La LDH présente son rapport sur la répression judiciaire des Gilets Jaunes

Si l’humanité échoue à concilier la justice et la liberté, alors elle échoue à tout.

C’est par cette sentence inspirée d’Albert Camus que Jean-Jacques Gandini, vice-président de la Ligue des Droits de l’Homme de Montpellier, introduisait la conférence de presse qui se tenait ce jeudi 20 juin 2019 devant la Préfecture de l’Hérault. C’est afin de leur présenter son dernier rapport sur la répression judiciaire du mouvement des Gilets Jaunes, que la LDH avait ce matin convié des journalistes et des militants.

Des directives à l’adresse du parquet

L’étude présentée, qui s’appuie sur des audiences ayant eu lieu du 29 décembre 2018 au 18 mars 2019, s’attèle à décrire les conditions dans lesquelles la justice à Montpellier a pu traiter les nombreux cas de Gilets Jaunes interpelés lors des manifestations urbaines. La LDH rappelle qu’une circulaire émise par la Chancellerie le 22 novembre 2018, soit moins d’une semaine après le premier acte du mouvement, recommande à tous les procureurs de la République (représentant l’État dans la conduite de l’action pénale) de “maintenir une organisation spécifique en prévoyant une permanence dédiée au traitement des infractions commises en marge du mouvement de contestation, dit “gilets jaunes” en se référant à une précédente circulaire relative aux violences ayant émaillé les manifestations contre la loi Travail en 2016. Celle-ci préconisait une “réactivité” dans la conduite de l’action publique, avec une “réponse pénale systématique et rapide“.

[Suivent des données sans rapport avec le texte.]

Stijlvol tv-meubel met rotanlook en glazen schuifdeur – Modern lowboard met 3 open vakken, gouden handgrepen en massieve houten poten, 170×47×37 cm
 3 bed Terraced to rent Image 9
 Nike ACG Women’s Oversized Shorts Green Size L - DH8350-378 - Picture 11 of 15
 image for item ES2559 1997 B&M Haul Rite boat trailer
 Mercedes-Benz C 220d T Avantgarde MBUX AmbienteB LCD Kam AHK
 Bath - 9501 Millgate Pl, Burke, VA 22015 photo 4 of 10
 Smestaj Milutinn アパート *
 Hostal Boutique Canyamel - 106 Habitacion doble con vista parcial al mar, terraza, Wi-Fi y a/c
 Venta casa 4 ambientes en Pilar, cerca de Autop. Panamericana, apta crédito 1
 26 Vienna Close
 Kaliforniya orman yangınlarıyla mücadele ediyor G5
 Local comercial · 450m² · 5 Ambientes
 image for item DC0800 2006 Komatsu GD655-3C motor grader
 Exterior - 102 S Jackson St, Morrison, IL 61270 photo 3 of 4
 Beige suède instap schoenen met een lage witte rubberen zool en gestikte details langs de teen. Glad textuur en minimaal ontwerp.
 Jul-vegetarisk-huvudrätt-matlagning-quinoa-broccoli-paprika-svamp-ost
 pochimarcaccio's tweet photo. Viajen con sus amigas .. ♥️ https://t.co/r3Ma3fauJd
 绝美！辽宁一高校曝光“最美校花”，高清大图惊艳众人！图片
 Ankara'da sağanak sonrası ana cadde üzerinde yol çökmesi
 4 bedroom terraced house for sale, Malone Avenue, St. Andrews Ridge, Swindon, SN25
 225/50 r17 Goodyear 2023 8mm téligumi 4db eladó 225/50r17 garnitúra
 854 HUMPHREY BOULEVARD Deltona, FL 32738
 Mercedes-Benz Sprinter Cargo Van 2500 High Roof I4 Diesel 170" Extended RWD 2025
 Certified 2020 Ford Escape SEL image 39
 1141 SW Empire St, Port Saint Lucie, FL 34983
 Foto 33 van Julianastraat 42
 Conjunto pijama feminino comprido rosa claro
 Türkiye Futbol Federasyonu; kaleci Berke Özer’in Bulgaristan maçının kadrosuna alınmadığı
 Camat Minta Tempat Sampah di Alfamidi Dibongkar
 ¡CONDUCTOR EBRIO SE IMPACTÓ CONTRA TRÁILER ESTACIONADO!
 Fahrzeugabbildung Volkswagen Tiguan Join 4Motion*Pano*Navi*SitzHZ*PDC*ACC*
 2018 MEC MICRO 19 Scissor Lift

La LDH relève l’utilisation privilégiée de la comparution immédiate, une procédure en forte augmentation depuis le début des années 2000. “Ce type de procès dure en moyenne une demi heure, et 70% des peines prononcées sont des peines de prison au moins en partie ferme, soit 8 fois plus que pour les audiences classiques.” Le rapport revient aussi sur l’article 222.14.2 du Code Pénal, dont l’usage immodéré concerne 63% des procédures à Montpellier, et se fait le “symbole d’une justice prédictive“.

Dissuader les Gilets Jaunes de manifester

En d’autres termes, cette infraction définit “le fait pour une personne de participer sciemment à un groupement, même formé de façon temporaire, en vue de la préparation, caractérisée par un ou plusieurs faits matériels, de violences volontaires contre les personnes ou de dégradations de biens” et punit possiblement le contrevenant à une peine d’un an d’emprisonnement et de 15000€ d’amende. On peut donc juger un manifestant sur sa simple présence en manifestation dès lors que des violences et/ou dégradations ont été ou sont sur le point d’être commises, alors même qu’il n’y a pas directement participé.

La LDH relève l’usage systématique, dans les réquisitions du Parquet, de peines complémentaires visant à interdire de manifester (jusqu’à trois ans) ou de séjourner dans la ville (jusqu’à cinq ans) les personnes condamnées. “Cette interdiction reflète clairement la volonté d’impressionner les prévenus afin de les dissuader de manifester pour le restant de leurs jours…”

On peut aussi constater que le profil des gilets jaunes passés dans les tribunaux tranche avec une certaine image propagée dans les massmedia. “Dans la très grande majorité des cas, les personnes condamnées ont un casier judiciaire vierge et nombreux disposent d’un emploi.” Pour autant, les peines de prison, notamment avec sursis, ont été très nombreuses et indistinctement appliquées.